= D. K. Khaparde =

D. K. Khaparde (13 May 1939, Nagpur, – 29 February 2000, Pune) was an Indian activist and a founder of the precursor to BAMCEF in 1971 and later the president of BAMCEF.

A Mahar Buddhist, after completion of his B.Sc. from Institute of Science at Nagpur, Khaparde joined the Defence Establishment of Pune. In Pune, he met Kanshi Ram, whom he enlightened about the movement of Ambedkarism, philosophy of B. R. Ambedkar.

The crises on the issue of Jayanti celebration of B. R. Ambedkar in the Defence establishment galvanised the followers of Ambedkar. They decided to form a nationwide organisation to spread the movement of Phule-Ambedkar and formed BAMCEF on 6 December 1978.

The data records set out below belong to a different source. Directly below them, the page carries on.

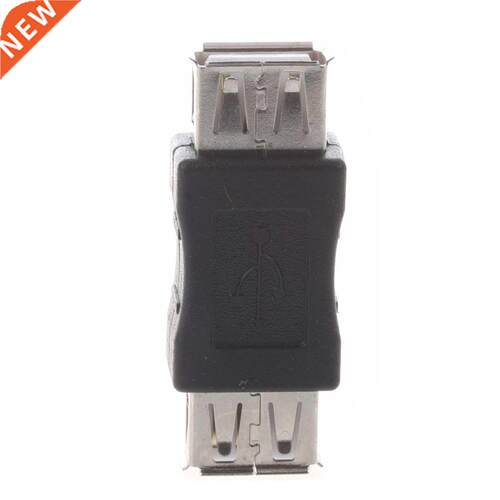 USB A Female to Female Adapter Convertor Changer F/F
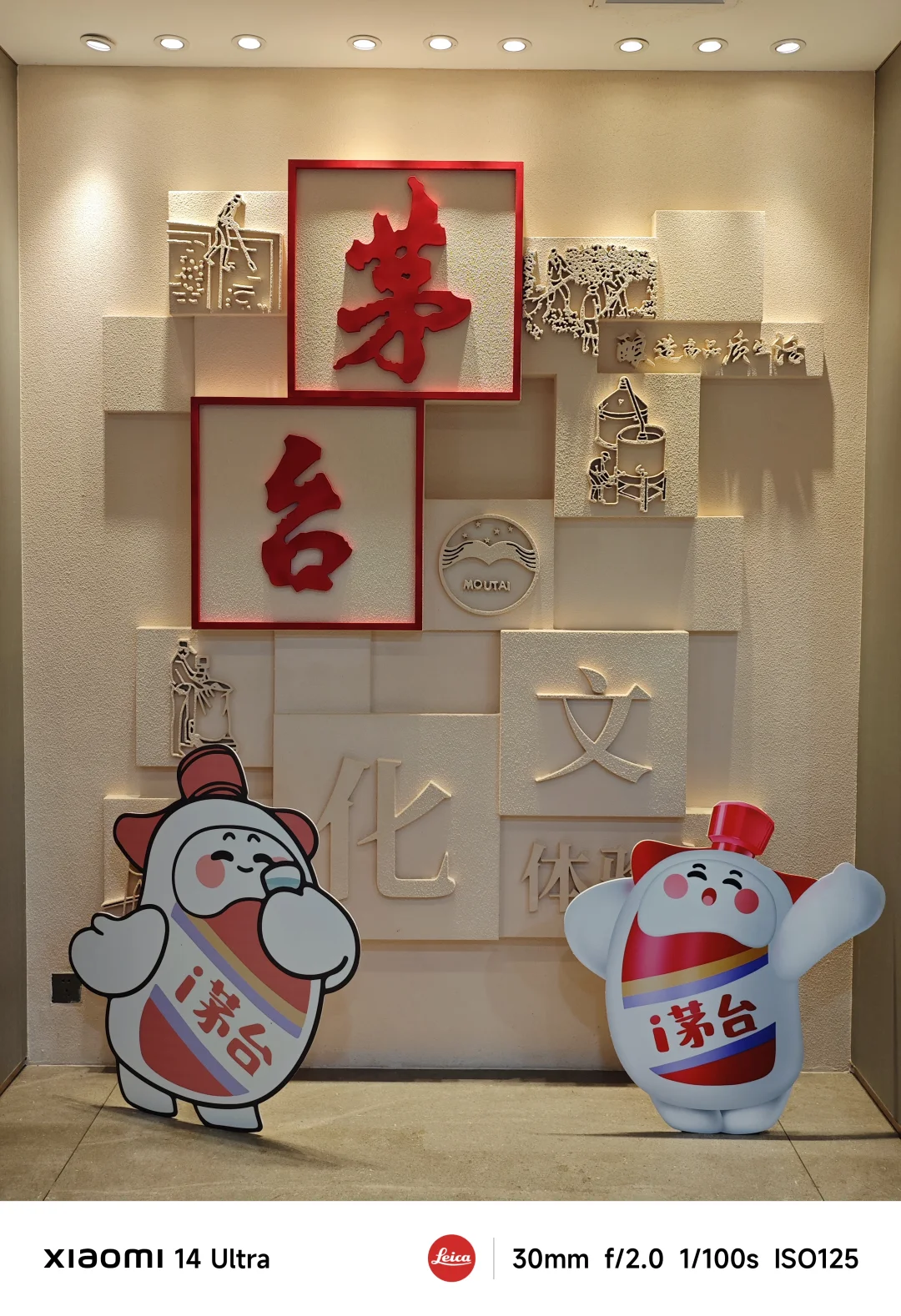 茅台文化体验活动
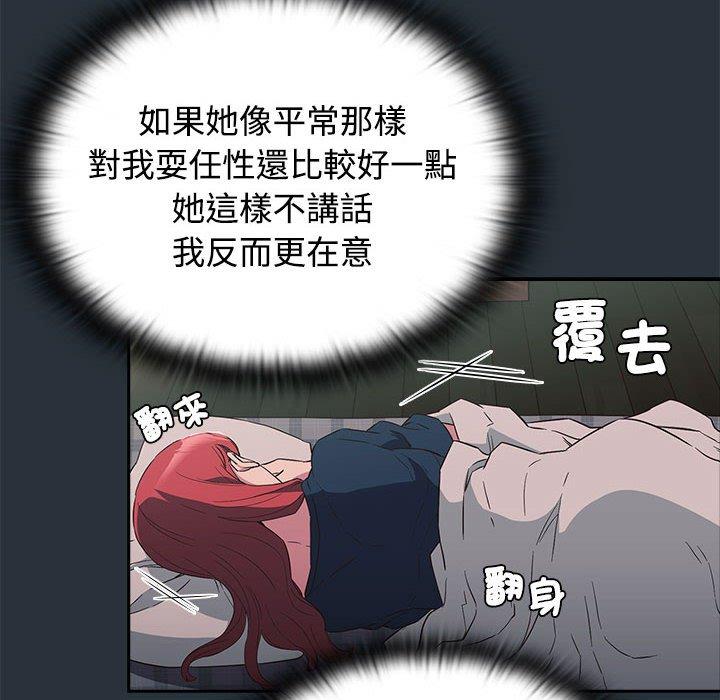 96P - 四人同居太拥挤/受害者联盟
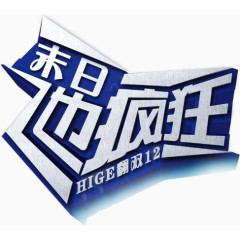 末日也疯狂创意字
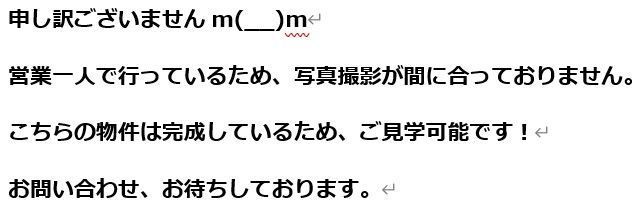 New 4LDK House for Sale in Umi, Fukuoka | 105.32 sqm - Thumbnail 4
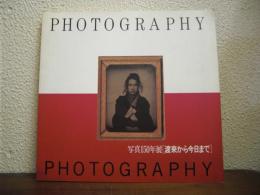 写真150年展「渡来から今日まで」 : Photography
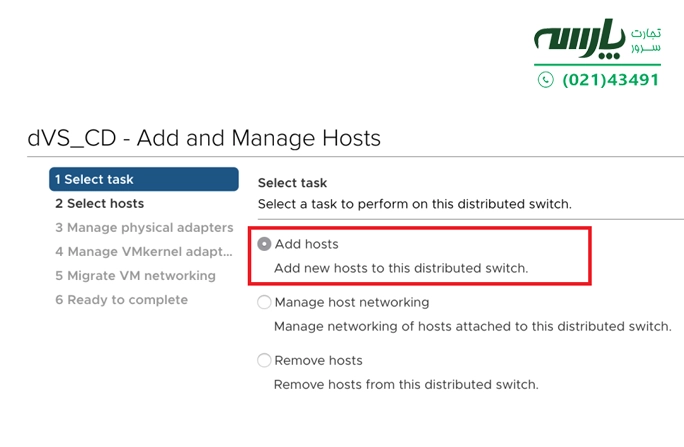 اضافه کردن هاست ESXi به سوئیچ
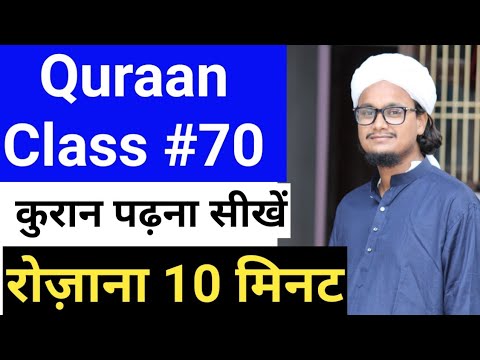 How to read Quraan  Quraan kaise padhe  Quraan Class 70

Kanshi Ram left him in 1985 and therefore he had registered BAMCEF in 1987 in consultation with other colleagues. He resigned from the service and dedicated completely for 13 years and established BAMCEF offices in 18 states of India]to spread Phule-Ambedkar movement. It is said that Kanshi Ram wanted to make BAMCEF enter into the political sphere but Khaparde wanted it to remain a social organization hence there were conflicts.